Stored items:

********************

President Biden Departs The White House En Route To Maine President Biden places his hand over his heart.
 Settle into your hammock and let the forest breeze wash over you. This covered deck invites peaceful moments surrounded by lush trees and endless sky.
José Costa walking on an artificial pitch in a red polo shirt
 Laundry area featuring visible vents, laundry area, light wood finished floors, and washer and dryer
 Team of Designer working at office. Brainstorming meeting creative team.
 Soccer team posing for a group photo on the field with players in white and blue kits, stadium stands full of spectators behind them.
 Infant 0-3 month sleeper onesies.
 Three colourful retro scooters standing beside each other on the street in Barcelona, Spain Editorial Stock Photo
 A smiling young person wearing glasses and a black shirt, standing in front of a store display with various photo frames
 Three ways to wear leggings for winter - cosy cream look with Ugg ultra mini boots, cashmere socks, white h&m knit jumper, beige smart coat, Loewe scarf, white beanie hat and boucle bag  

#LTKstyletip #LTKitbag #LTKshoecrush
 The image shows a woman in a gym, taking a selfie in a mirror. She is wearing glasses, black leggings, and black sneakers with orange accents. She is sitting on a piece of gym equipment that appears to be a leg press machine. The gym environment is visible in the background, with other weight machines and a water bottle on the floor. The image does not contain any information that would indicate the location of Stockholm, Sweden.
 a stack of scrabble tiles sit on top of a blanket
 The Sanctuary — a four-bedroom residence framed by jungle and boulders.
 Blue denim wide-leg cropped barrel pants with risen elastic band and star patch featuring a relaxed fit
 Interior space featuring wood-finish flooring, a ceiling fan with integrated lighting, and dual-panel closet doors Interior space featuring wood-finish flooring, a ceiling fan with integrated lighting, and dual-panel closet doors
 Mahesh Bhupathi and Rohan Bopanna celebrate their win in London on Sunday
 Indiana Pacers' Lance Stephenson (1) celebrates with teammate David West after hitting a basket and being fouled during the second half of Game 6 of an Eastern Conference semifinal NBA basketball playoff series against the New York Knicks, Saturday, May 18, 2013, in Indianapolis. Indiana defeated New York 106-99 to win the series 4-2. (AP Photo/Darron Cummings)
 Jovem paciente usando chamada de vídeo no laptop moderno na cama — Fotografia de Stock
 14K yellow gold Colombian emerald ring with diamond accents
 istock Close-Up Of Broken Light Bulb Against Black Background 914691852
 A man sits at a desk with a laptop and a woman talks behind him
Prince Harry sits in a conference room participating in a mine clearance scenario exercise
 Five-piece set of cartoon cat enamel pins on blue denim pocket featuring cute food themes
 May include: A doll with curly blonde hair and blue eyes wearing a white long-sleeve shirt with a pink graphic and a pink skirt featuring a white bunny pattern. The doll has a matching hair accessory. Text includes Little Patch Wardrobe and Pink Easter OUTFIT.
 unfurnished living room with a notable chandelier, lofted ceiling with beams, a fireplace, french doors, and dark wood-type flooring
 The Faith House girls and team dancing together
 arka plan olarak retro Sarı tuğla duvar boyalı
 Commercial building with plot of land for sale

********************

▸ **ASSIGNED TASK**: All lines in the records above with "ceiling" need to be found and copied.

▸ **SOLUTION TO THIS EXERCISE**:
 Interior space featuring wood-finish flooring, a ceiling fan with integrated lighting, and dual-panel closet doors Interior space featuring wood-finish flooring, a ceiling fan with integrated lighting, and dual-panel closet doors
 unfurnished living room with a notable chandelier, lofted ceiling with beams, a fireplace, french doors, and dark wood-type flooring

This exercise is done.